> **Work instruction**
Lines from the top of the entries through the line that has "Standbild USS Saratoga" must be duplicated exactly, and no others.

> **Given entries**
=== Section Start ===

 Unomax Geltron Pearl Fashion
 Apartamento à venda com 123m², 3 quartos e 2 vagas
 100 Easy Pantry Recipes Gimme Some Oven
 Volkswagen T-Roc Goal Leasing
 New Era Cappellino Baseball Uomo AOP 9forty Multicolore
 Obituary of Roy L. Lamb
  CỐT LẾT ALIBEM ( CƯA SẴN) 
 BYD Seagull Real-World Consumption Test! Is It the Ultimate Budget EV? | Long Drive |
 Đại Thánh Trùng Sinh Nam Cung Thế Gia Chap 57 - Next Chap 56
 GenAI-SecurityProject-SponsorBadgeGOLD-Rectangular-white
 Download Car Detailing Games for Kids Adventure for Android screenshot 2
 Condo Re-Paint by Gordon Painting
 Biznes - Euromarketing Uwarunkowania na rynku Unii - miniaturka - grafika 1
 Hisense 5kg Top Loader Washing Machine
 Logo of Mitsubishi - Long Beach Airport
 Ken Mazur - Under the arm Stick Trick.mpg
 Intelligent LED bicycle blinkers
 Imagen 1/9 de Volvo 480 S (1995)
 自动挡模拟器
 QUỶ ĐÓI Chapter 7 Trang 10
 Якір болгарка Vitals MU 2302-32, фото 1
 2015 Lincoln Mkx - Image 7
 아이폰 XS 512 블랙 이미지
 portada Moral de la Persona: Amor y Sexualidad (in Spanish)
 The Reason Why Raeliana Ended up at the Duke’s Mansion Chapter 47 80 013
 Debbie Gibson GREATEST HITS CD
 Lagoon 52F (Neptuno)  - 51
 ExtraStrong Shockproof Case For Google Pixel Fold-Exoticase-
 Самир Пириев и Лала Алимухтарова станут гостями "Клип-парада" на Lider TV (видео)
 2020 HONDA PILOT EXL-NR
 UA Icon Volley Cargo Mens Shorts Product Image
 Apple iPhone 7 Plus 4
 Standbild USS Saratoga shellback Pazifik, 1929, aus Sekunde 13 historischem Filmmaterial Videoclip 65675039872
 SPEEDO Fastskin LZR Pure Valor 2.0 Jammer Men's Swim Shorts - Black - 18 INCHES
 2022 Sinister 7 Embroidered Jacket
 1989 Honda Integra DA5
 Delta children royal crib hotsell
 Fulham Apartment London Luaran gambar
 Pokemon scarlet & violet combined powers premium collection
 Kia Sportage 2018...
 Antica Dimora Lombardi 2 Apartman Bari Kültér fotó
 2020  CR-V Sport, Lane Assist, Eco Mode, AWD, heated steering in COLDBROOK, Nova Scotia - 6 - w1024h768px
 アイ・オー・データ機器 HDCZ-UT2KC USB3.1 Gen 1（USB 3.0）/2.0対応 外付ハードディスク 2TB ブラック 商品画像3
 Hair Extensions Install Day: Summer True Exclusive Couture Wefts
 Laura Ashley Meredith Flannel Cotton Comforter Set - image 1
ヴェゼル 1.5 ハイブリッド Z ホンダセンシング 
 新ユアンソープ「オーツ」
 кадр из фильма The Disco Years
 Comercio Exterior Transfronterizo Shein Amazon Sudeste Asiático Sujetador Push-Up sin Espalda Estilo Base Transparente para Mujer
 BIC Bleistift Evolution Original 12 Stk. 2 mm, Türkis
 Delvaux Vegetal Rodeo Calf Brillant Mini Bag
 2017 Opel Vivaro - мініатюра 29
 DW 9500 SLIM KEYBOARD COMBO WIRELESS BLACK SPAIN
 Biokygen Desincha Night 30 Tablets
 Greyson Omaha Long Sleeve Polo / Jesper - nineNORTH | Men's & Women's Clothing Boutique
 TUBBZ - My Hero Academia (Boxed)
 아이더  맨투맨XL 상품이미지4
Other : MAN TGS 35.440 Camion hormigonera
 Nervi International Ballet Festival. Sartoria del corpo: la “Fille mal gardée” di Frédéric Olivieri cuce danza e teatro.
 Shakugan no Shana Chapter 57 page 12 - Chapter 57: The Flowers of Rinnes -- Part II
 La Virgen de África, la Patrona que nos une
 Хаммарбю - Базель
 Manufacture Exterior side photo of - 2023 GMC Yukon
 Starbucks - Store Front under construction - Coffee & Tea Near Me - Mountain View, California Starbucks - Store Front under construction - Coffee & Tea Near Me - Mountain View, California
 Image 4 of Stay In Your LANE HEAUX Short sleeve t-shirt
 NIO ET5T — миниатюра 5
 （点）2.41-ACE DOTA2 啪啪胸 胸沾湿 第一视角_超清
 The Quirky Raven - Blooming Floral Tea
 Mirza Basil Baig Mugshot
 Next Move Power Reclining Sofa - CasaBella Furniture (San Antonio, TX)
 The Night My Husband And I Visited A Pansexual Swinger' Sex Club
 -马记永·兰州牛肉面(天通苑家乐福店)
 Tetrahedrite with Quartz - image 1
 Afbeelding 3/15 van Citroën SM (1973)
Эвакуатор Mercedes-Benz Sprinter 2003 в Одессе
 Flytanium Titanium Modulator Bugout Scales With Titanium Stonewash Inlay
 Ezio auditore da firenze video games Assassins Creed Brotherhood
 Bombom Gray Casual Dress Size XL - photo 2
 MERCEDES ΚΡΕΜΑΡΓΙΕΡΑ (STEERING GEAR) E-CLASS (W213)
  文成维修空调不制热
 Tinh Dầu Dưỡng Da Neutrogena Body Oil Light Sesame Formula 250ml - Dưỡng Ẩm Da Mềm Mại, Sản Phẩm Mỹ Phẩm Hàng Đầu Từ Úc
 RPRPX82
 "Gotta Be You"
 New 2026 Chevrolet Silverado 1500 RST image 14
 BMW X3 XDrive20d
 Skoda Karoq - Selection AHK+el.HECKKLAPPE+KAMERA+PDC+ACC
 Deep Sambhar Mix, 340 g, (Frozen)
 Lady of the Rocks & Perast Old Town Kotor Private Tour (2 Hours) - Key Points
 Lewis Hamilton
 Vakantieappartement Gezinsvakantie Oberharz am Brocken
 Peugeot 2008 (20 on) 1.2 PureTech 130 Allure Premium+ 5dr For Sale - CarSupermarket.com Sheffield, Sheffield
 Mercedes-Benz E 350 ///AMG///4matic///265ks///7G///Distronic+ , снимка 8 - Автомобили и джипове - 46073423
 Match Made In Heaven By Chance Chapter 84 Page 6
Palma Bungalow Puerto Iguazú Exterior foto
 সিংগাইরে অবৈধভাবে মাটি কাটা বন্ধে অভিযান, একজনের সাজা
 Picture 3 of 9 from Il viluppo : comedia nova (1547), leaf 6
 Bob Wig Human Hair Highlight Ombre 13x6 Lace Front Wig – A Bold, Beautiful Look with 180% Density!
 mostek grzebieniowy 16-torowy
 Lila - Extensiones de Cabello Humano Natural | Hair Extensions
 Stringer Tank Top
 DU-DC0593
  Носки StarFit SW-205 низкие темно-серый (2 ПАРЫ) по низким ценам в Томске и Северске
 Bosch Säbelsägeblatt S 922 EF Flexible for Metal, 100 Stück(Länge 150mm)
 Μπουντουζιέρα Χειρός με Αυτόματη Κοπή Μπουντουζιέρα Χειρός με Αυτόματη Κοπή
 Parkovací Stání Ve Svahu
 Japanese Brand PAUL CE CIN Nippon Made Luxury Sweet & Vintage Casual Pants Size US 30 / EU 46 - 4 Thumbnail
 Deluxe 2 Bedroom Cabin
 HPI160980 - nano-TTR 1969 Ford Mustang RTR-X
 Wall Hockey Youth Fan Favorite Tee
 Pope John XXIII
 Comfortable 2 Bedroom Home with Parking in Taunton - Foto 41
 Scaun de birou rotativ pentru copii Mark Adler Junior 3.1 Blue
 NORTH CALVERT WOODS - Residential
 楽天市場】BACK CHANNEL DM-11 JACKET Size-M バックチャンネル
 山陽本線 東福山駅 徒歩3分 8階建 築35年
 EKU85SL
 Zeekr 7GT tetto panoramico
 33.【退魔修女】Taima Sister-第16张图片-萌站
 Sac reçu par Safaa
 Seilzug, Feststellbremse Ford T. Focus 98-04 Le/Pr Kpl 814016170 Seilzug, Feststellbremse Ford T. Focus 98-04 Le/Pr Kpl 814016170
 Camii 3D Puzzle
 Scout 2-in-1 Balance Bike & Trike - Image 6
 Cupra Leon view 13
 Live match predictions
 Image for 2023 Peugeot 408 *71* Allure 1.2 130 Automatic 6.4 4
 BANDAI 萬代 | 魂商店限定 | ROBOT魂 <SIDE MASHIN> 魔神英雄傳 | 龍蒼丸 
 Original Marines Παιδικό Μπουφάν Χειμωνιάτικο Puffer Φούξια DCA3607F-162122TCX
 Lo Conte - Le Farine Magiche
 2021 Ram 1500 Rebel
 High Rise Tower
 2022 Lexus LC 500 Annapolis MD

=== Section End ===

> **Task response**
 Unomax Geltron Pearl Fashion
 Apartamento à venda com 123m², 3 quartos e 2 vagas
 100 Easy Pantry Recipes Gimme Some Oven
 Volkswagen T-Roc Goal Leasing
 New Era Cappellino Baseball Uomo AOP 9forty Multicolore
 Obituary of Roy L. Lamb
  CỐT LẾT ALIBEM ( CƯA SẴN) 
 BYD Seagull Real-World Consumption Test! Is It the Ultimate Budget EV? | Long Drive |
 Đại Thánh Trùng Sinh Nam Cung Thế Gia Chap 57 - Next Chap 56
 GenAI-SecurityProject-SponsorBadgeGOLD-Rectangular-white
 Download Car Detailing Games for Kids Adventure for Android screenshot 2
 Condo Re-Paint by Gordon Painting
 Biznes - Euromarketing Uwarunkowania na rynku Unii - miniaturka - grafika 1
 Hisense 5kg Top Loader Washing Machine
 Logo of Mitsubishi - Long Beach Airport
 Ken Mazur - Under the arm Stick Trick.mpg
 Intelligent LED bicycle blinkers
 Imagen 1/9 de Volvo 480 S (1995)
 自动挡模拟器
 QUỶ ĐÓI Chapter 7 Trang 10
 Якір болгарка Vitals MU 2302-32, фото 1
 2015 Lincoln Mkx - Image 7
 아이폰 XS 512 블랙 이미지
 portada Moral de la Persona: Amor y Sexualidad (in Spanish)
 The Reason Why Raeliana Ended up at the Duke’s Mansion Chapter 47 80 013
 Debbie Gibson GREATEST HITS CD
 Lagoon 52F (Neptuno)  - 51
 ExtraStrong Shockproof Case For Google Pixel Fold-Exoticase-
 Самир Пириев и Лала Алимухтарова станут гостями "Клип-парада" на Lider TV (видео)
 2020 HONDA PILOT EXL-NR
 UA Icon Volley Cargo Mens Shorts Product Image
 Apple iPhone 7 Plus 4
 Standbild USS Saratoga shellback Pazifik, 1929, aus Sekunde 13 historischem Filmmaterial Videoclip 65675039872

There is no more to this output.